Co-authored by William Witenberg a contemporary artist focused on abstract painting
There is no question that sanctions and the decline in oil is hurting the Russian economy. Oil and gas account for 70% of Russia's economy. The ruble's decline has cushioned the effect of the decline in the oil price but Russia is vulnerable to western sanctions and its exposure to the dollar is something Putin is aggressively seeking to diminish.
Interestingly, in three ways the Russian government is trying to delink the ruble and the dollar.
Russia's projected growth of the economy in 2015 will not surpass 1% by even the most optimistic projections. What does Russian leadership do to mend this sinking boat?
Russia's Finance Ministry has approved the proposal to increase the volume of ruble settlements on export contracts. In practice, this will mean that all new export, and possibly some revised current, contracts will be concluded with the calculations in rubles. Now settlement mechanism between the EU and Russia is as follows: buyer pays the purchase in euros, bank will convert euros into US dollars, transferred to the account of the exporter, only then local bank will convert dollars into rubles. Soon it will be different: buyer pays in euros, bank converts directly into rubles, bypassing dollar and transfers the amount to the account of the exporter. This new pattern should appeal to many foreign partners in Russia, especially in the EU. There is no need to buy huge amounts of dollars to pay Russia for gas, oil, metals and other commodities. The dollar link is removed.
Russia's joint plans with China, are even bigger. According to Putin, now the annual Russian-Chinese trade turnover is about $ 90 billion. But by 2020 it is planned to increase to $ 200 billion; but without most the transactions having the dollar as a unit of account. The two countries will buy from each other in rubles and yuan. Or - there are plans - to introduce a new international currency. After extensive talks between the governments of China and Russia Deputy Chairman of the Central Bank of Russia Mikhail Sukhov and Assistant to the Chairman of the People's Bank of China Jin Qi signed an agreement on currency swaps for settlement in national currencies. Russian and Chinese banks must use the ruble and yuan in mutual settlements to eliminate the monopoly of the dollar. To date, the Bank of China is the fifth largest state-owned banks in China and is the first Chinese commercial bank, which opened an office in Russia. The use of the ruble and yuan in the calculations will not only reduce Russia's dependence on the fluctuations of the dollar, but will increase the efficiency of conversion operations. In turn, over the past few years, China has done a lot to make yuan global reserve currency. Or at least, to make sure that dollar ceases to being the sole one. Beijing has already managed to create dollar-less currency exchanges with several countries. The list includes Malaysia, Japan, Australia, New Zealand, the United Kingdom, the European Union and now Russia.
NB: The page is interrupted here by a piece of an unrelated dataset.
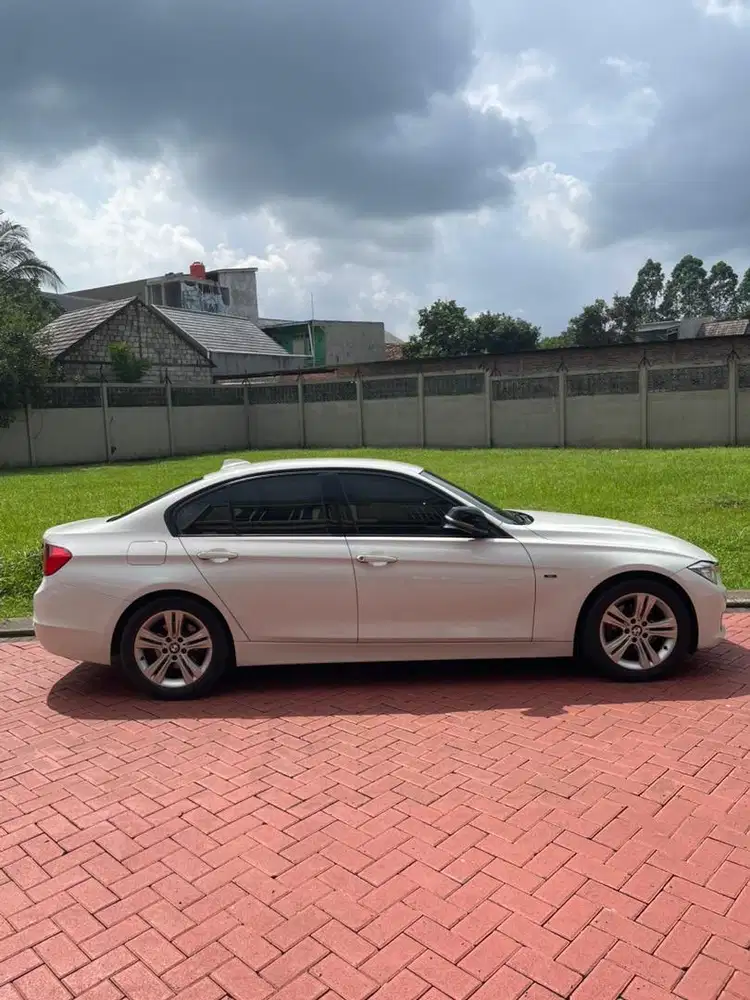 Pemakai langsung! BMW F30 320i terawat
This linking of the ruble with other currencies can be seen in with transactions between Iran and Russia. The two countries are moving closer to signing a $ 20 billon commodity deal that will help both countries economies to be independent of the Western countries and recent sanctions. According to this five-year memorandum; Russian equipment, machinery and consumer goods are to be supplied to Iran that is currently deprived of any such goods because of the US sanctions. In response, Russia will be transferred Iranian oil, that is now the focus of a western trade embargo. Russian companies will also gain access to participation in projects for the construction and reconstruction of power generation and networks in Iran.
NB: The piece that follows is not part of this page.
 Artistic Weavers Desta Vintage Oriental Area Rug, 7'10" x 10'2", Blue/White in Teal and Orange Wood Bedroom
Such an agreement would mean that the entire Iranian oil (except for Iran's "share" and China's share) for the term of the contract will go through Russia. Russia will simply buy all wholesale volumes (in the framework of the agreement on the exchange of technological products or other products covered by US sanctions) and then can sell it to anyone it wants. In huge volumes and at convenient Russia prices. This oil without leaving oil terminals of Iranian port will be shipped directly from there to the traditional customers - but as property held by the contract by Russian Federation.